- [PROVIDED INFORMATION]:
#####
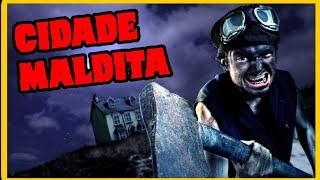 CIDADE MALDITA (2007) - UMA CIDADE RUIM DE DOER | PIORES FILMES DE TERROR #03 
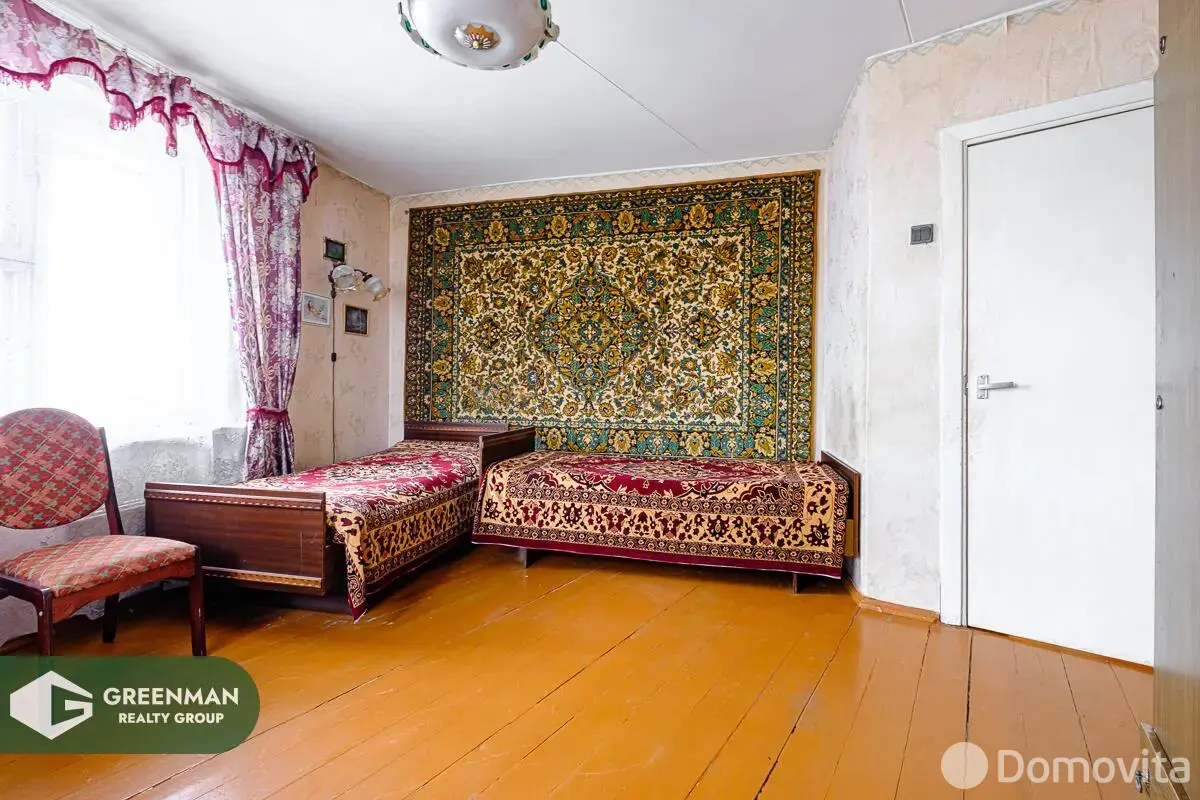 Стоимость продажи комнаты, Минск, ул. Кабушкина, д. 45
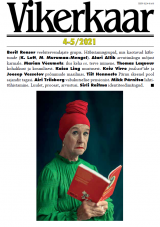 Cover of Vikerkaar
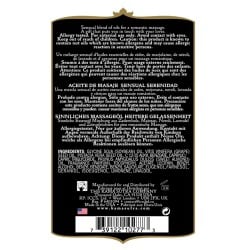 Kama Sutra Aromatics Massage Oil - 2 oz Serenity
#####
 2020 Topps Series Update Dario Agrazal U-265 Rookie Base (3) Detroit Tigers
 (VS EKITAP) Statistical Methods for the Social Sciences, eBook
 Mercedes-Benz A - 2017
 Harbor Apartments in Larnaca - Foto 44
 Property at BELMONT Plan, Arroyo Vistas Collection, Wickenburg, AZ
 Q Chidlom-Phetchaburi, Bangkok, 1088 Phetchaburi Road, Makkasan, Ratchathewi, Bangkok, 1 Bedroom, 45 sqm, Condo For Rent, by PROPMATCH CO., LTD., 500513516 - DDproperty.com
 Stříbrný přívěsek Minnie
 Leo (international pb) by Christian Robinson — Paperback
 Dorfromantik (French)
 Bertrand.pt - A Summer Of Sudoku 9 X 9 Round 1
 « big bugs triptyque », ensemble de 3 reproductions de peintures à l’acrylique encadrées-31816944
#####
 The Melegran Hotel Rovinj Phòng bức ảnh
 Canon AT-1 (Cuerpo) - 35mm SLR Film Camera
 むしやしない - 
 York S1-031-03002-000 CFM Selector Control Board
#####
- [BRIEF]: Everything above from the line containing "2020 Topps Series" down to the line containing "à l’acrylique encadrées-31816944" should be copied exactly, both end lines included, and nothing else.

- [SOLUTION FOR THIS PROBLEM]:
 2020 Topps Series Update Dario Agrazal U-265 Rookie Base (3) Detroit Tigers
 (VS EKITAP) Statistical Methods for the Social Sciences, eBook
 Mercedes-Benz A - 2017
 Harbor Apartments in Larnaca - Foto 44
 Property at BELMONT Plan, Arroyo Vistas Collection, Wickenburg, AZ
 Q Chidlom-Phetchaburi, Bangkok, 1088 Phetchaburi Road, Makkasan, Ratchathewi, Bangkok, 1 Bedroom, 45 sqm, Condo For Rent, by PROPMATCH CO., LTD., 500513516 - DDproperty.com
 Stříbrný přívěsek Minnie
 Leo (international pb) by Christian Robinson — Paperback
 Dorfromantik (French)
 Bertrand.pt - A Summer Of Sudoku 9 X 9 Round 1
 « big bugs triptyque », ensemble de 3 reproductions de peintures à l’acrylique encadrées-31816944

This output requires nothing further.